There are a limited number of generic failure types that can occur in the SPIRE sub-systems and associated electronics:

 A Command/Data interface failure causing command receipt corruption – this is detected by the command verification protocol described above. If the address is incorrect the command is never reflected; if the command is corrupted then the status flag will be incorrect and, if the data or command have become corrupted in transmission, then the bit wise comparison of the reflected command will detect this.

SPIRE

Failure Detection Isolation and Recovery Policy for the SPIRE instrument

- A Command/Data interface failure causing a legitimate command to a sub-system with incorrect value. Here we can envisage that the command was corrupted before transmission in some way i.e. the DPU thinks it is a correct command so it does not detect a fault. This is dealt with by MCU for some limited circumstances in order to protect the mechanisms from unsafe operation. For all other circumstances the DPU will have to check the HK value pertinent the command set see if the sub-system responded appropriately and to check for unsafe limits.
- Command out of sequence so not appropriate for given state of the sub-system. Again this is dealt with by MCU for some limited circumstances where the command would cause unsafe operation or is not executable. For all other sub-systems it will be seen as an incorrect response of sub-system as detected through the DPU monitoring the HK.
- Correct command but failure in sub-system. Here there are again two cases dumb units (DCU and SCU) where the failure is detectable by subsequent HK inspection and the MCU which can detect that the command has not been carried out in some limited circumstances and set a status flag in the housekeeping. In both cases the DPU will see the failure through inspection of the HK.
- Failure during normal operation. Again two cases dumb units only detectable through monitoring HK whilst the MCU can detect a failure, stop the motion and raise status flag in HK. The DPU detects both types through inspection of the HK.
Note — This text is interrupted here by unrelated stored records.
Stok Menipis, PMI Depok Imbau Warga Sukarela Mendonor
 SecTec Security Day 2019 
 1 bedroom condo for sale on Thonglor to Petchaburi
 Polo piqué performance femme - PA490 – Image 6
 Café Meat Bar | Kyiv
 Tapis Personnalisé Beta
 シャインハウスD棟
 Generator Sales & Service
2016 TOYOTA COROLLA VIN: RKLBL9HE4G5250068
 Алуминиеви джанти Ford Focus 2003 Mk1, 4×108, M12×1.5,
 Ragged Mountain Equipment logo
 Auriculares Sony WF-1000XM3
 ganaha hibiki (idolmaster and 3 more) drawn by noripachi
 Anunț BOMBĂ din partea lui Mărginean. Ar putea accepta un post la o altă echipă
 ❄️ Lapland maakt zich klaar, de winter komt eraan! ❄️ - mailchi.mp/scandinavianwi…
As an example for the last two types of failure: If the SMEC sticks, the MCU will detect an error in the control logic; will halt the SMEC motion autonomously and raise an error status flag in its HK. If a heater goes open circuit a commanded change from the DPU in the heater status will not result in a change in the current monitored by the SCU housekeeping. This however cannot be detected by the SCU itself but only by the on-board software in the DPU, which is charged with monitoring all housekeeping values from the DRCU during normal operations.

#### 3.5 Proposed On-board software failure detection monitoring

The implementation of the on-board software failure detection method and how it should respond to detected failures has not been fully detailed. In this section we propose an outline of how it could be implemented.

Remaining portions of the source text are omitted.